During Sara’s interview, I spotted Lee Child in the room. Just like he was a regular person. Earlier I’d seen Karin Slaughter on a panel where, aside from the occasional wisecrack and one or two anecdotes, she mostly kept her head down. Both Sara and Karin said they were introverts and public speaking didn’t come naturally to them. That explained Karin’s demeanor during the panel, otherwise, you’d never know it. They are both eloquent, inspiring and funny.

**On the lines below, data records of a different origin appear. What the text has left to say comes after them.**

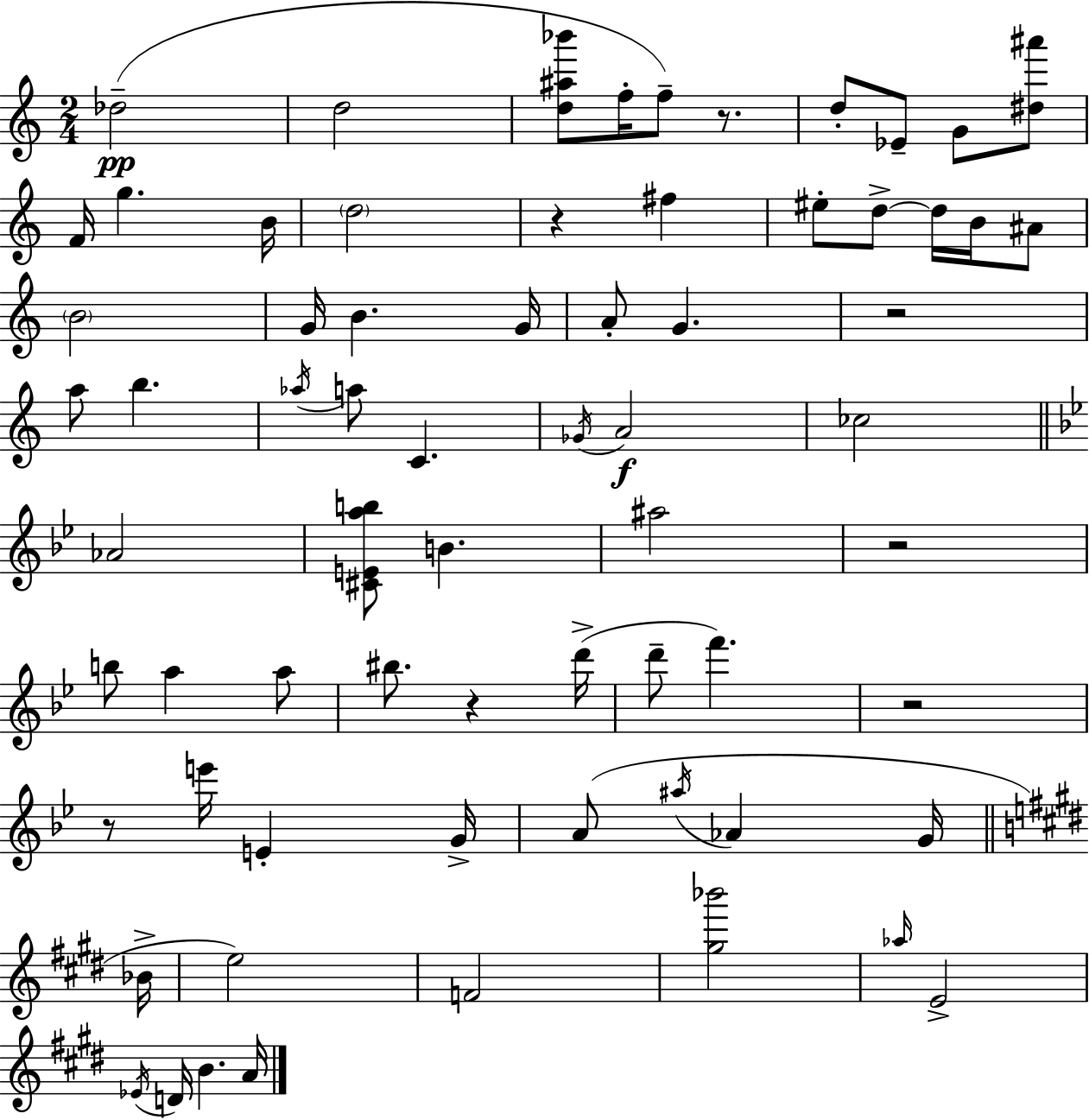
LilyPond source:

{
  \clef treble
  \numericTimeSignature
  \time 2/4
  \key c \major
  des''2--(\pp | d''2 | <d'' ais'' bes'''>8 f''16-. f''8--) r8. | d''8-. ees'8-- g'8 <dis'' ais'''>8 | \break f'16 g''4. b'16 | \parenthesize d''2 | r4 fis''4 | eis''8-. d''8->~~ d''16 b'16 ais'8 | \break \parenthesize b'2 | g'16 b'4. g'16 | a'8-. g'4. | r2 | \break a''8 b''4. | \acciaccatura { aes''16 } a''8 c'4. | \acciaccatura { ges'16 } a'2\f | ces''2 | \break \bar "||" \break \key bes \major aes'2 | <cis' e' a'' b''>8 b'4. | ais''2 | r2 | \break b''8 a''4 a''8 | bis''8. r4 d'''16->( | d'''8-- f'''4.) | r2 | \break r8 e'''16 e'4-. g'16-> | a'8( \acciaccatura { ais''16 } aes'4 g'16 | \bar "||" \break \key e \major bes'16-> e''2) | f'2 | <gis'' bes'''>2 | \grace { aes''16 } e'2-> | \break \acciaccatura { ees'16 } d'16 b'4. | a'16 \bar "|."
}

My biggest take-away was that almost all the mystery writers, and especially the thriller authors, used at least pieces of true crime stories to springboard off and start writing their novels. I felt comforted by this fact, since my crime novel also has shades of a famous Detroit criminal case. I was just like them!

I’m also introverted, like so many writers. We are most comfortable in our writing chairs, working on stories. Or reading books. That was another common theme that came up over and over again: these world-famous best-selling authors read all the time. Novels, poetry, non-fiction. It was something brought up on every panel. If you want to be a writer, you must be a reader. I already knew that and I read more than I write, so again, something in common.

imagesMy biggest personal a-ha was realizing that I was happy not to be famous. I would not have been comfortable up there in the spotlight. One famous author confessed to using beta-blockers, and he got plenty of knowing laughs. Many performers use this medication as it masks the symptoms of stage fright. Musicians particularly can’t play their instruments if their hands are shaking with fear and their head is full of panic. I have used beta-blockers myself for migraine, but found that they are equally effective when I popped one for a migraine before I gave a talk at a library.

I don’t like giving talks. I was a teacher for a long time, so I got used to having workshops ( taught creative writing and literature courses). But the ease of teaching doesn’t translate into feeling comfortable on a stage. So I came away from Bouchercon feeling that my own writing career is working out just fine for me. Would I love a million dollar contract, like Karen Dionne (fellow Detroit area writer, who won Best Novel award for The Marsh King’s Daughter) or Michael Connelly (also in attendance) or any of the other stars? Sure. But I’m also fine as I am, and I am for sure not holding my breath.